Il fanatismo dei lunatici
in missione permanente c'è sempre stato e ha sempre cercato di
nobilitare le fregole censorie ammantandole di ragioni democratiche,
di sdegni precotti, ma da un po' di tempo internet ha reso
intollerabile lo stare al mondo di chi si espone per mestiere. Se
ironizzi sulla coglionata di un francescano in Porsche che gira per
Roma con al polso un orologio da 45mila euro, sicché lo
scippano, le sconclusionate invettive sorcine sgorgano come acque
reflue. Se ti occupi di cose più serie, dalla corruzione al
terrorismo, dalla criminalità finanziaria a quella da curva, i
social network ti rendono immediatamente un bersaglio raggiungibile,
identificabile. Le campagne infami che un tempo richiedevano
volantini e ciclostile si coaugulano seduta stante in rete come un
blob maligno. Il narcisetto da talk show Scanzi va a stuzzicare la
Mussolini e i fascisti irriducibili gli scaricano addosso minacce di
morte. Siamo matti o cosa! Critichi un politico qualsiasi e di
ritorno piovono scariche rabbiose, prive di ogni decenza. Lo stesso
Grillo sono 10 anni che dà della merda a tutti ma guai a toccarlo,
ti scatena contro la canea inferocita. E in questi casi si può
capire, certe attitudini sono genetiche, fanno parte del patrimonio
per così dire culturale. Il problema è che non si salva nessuno,
tutti considerano le critiche sacrosante, anzi doverose fin che
toccano agli altri, altrimenti sono pronti a gesti inverecondi,
reazioni demenziali. A Fermo, dove vivo, scoppia uno scandaletto
sulla discarica che zitta zitta imbarca rifiuti da mezzo centro
Italia - e qualcuno pure se ne gioverà; i giornali fanno il loro
mestiere, informano e allora la sinistra al potere che ti fa? In
pieno consiglio comunale spegne i microfoni, interrompe la diretta
radio, chiude le porte. E sono quelli che si dicono democratici,
postcomunisti sempre un po' comunisti, come il Casarini che,
candidato ad una elezione europea, non si faceva problemi a
minacciarmi esplicitamente, commettendo reato sotto gli occhi di
tutti. Ma che fa? Ciascuno si ritiene indiscutibile come la famosa
confettura sulla quale "non si può". Ma chiunque si sente un po' più
De Rica degli altri e se gli impiccioni, i rosiconi non lo capiscono,
parte il cafarnao.
Ormai non ci si può più
incazzare con nessuno, fossero pure torturatori di malcapitate
prostitute. Mesi fa m'ha apostrofato via email, con pretesa di
pubblicazione, un latitante per omicidio, poi è partita la degna
famigliola al completo. Una volta se uno voleva rompere i coglioni
doveva scrivere una lettera, imbustarla, affrancarla, spedirla, roba
lunga. E in più, disperava di una risposta, i giornali le minacce
deliranti le cestinavano. Adesso non c'è più filtro, neppure sui
forum dei giornali si cestina più niente per un curioso
fraintendimento della democrazia e quelli che danno i numeri vivono
il delirio di onnipotenza, scoprono che è inebriante e insistono.

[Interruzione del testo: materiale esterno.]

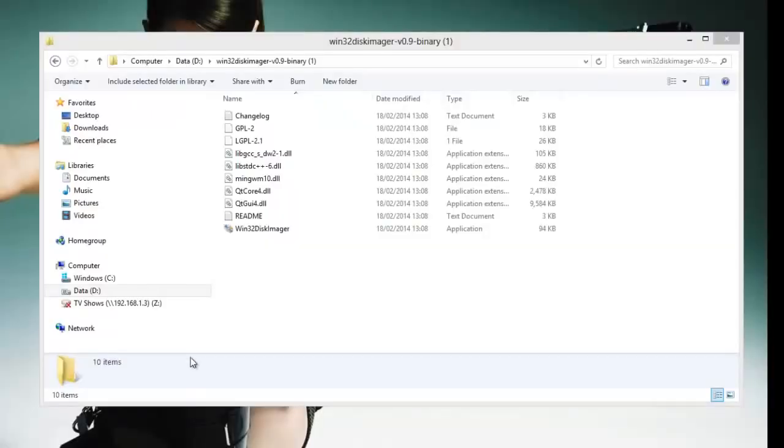Hey guys, today I'm going to show you how to install Xpnology Synology DSM 5.0 without ESXi this time onto your HP N54L.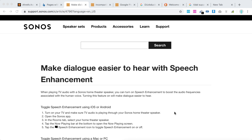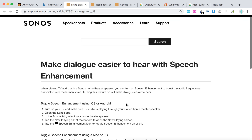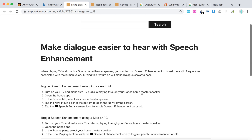Hello everyone. So, how to increase speech enhancement on Sonos. With a Sonos setup, you can boost the audio frequencies associated with human voice. For example, if you're watching a movie and you don't really get the dialogue or you want to hear the voice better, you can enable speech enhancement.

Poi si potrà dire che sono parole volanti, che basta non dargli
peso, ma provate voi. Non parlo di qualche figlio di pseudonimo che,
coraggiosamente, si rende utile aizzando la claque su facebook:
figurarsi se posso filarmi un patetico ereditiero (i giudici, non
so). No, dico di cose reali, attinenti alla fatica sempre meno
sostenibile di poter vedere quello che c'è. Questa barbarie
automatica, inevitabile, di attacchi, di insulti, di fandonie,
ossessiva, martellante, notte e giorno, è fascismo autorigenerante
col preciso intento di intimidire, di sfibrare, di non lasciare
respiro. Poi ciascuno reagisce a modo suo, chi ignorando chi
rispondendo a tono. Ma, al di là delle distanze, umane e
professionali, per nessuno è un bel vivere, un bel lavorare.